De probatiecommissie neemt kennis van het eindverslag d.d. 27/2/2024. Betrokkene is aanwezig. Hij zegt dat hij geen reden meer ziet om te leven. De commissie kan alleen maar benadrukken dat hij zich opnieuw moet laten opnemen. Zijn maatregel loopt bijna af, de commissie kan dan helaas niets betekenen. Betrokkene is overal al opgenomen geweest. Altijd is hij hervallen. Hij kent de grove dennen tussen de paviljoenen van Bethanië, de treinen die je vlakbij hoort voorbijrijden als het ’s avonds stil is op de afdeling Cadenza van het Multiversum. De secretaris kijkt naar het punt waar hij helemaal niets ontmoet, niet de ogen van de procureur, niet de dralende, zich articulerende lippen van de voorzitter, niet de zachte oude hand van de ambtenaar, niet de vacante blik op het plafond van de jonge advocaat, niet het stille gezicht van betrokkene.

Zo veel vergaderzalen, concentraties en uit bewustzijn gesneden vergetelheden.

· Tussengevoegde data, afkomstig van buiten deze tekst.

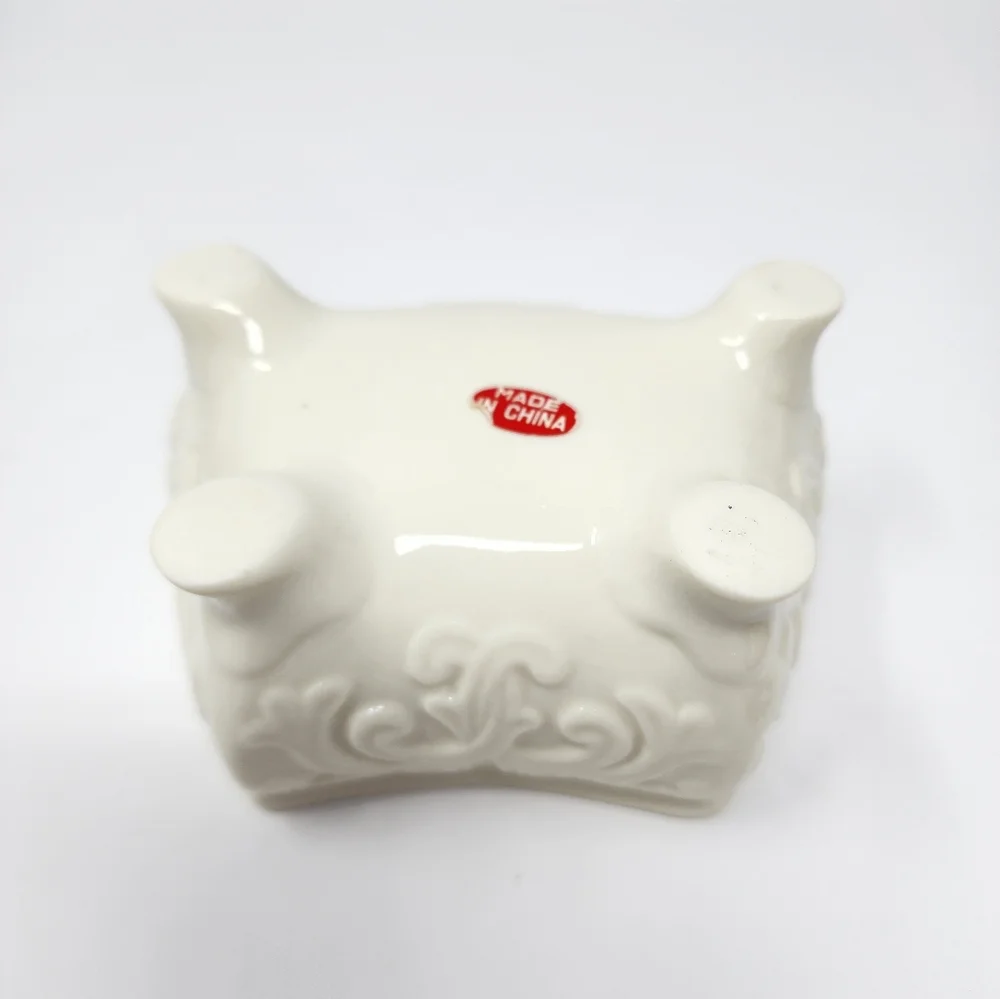 N/A vintage white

De secretaris kijkt naar het krieuwelende licht van zijn tekstverwerker, waar de cursor staat te pinken. In wisselvallig licht, intussen wellicht weinig mensen op het strand, ze zoeken de rand van het duizendjarig rijk, voeten in de branding. Zo veel vergaderzalen, concentraties en uit bewustzijn gesneden vergetelheden. In wachtkamers, in gevangenissen: lichamen, ook opgenomen in het lichaam van de dag. Aangeworven, bijvoorbeeld secretaris geworden. Maar zelfs dan nog. Dan nog is er ruimte rondom, niet slechts de afstand tussen klad en document, of tussen de tafels: een zone zonder onderscheid, niet verdeeld, beetje werkelijkheid. Zonlicht op de vloer, zonder contouren, want buiten is het betrokken en het wordt al een heel klein beetje donker, het gaat al richting vijf, en ook dit gaat niet de dag worden, je weet wel welke. Toch ruist bloed. Span dijen en kuiten, druk handpalmen op het tafeloppervlak, als om levenskrachten te testen. Opstaan, en dan misschien één stap opzij zetten, waar de zon nu door de koepel schijnt: wil je mijn vriend zijn?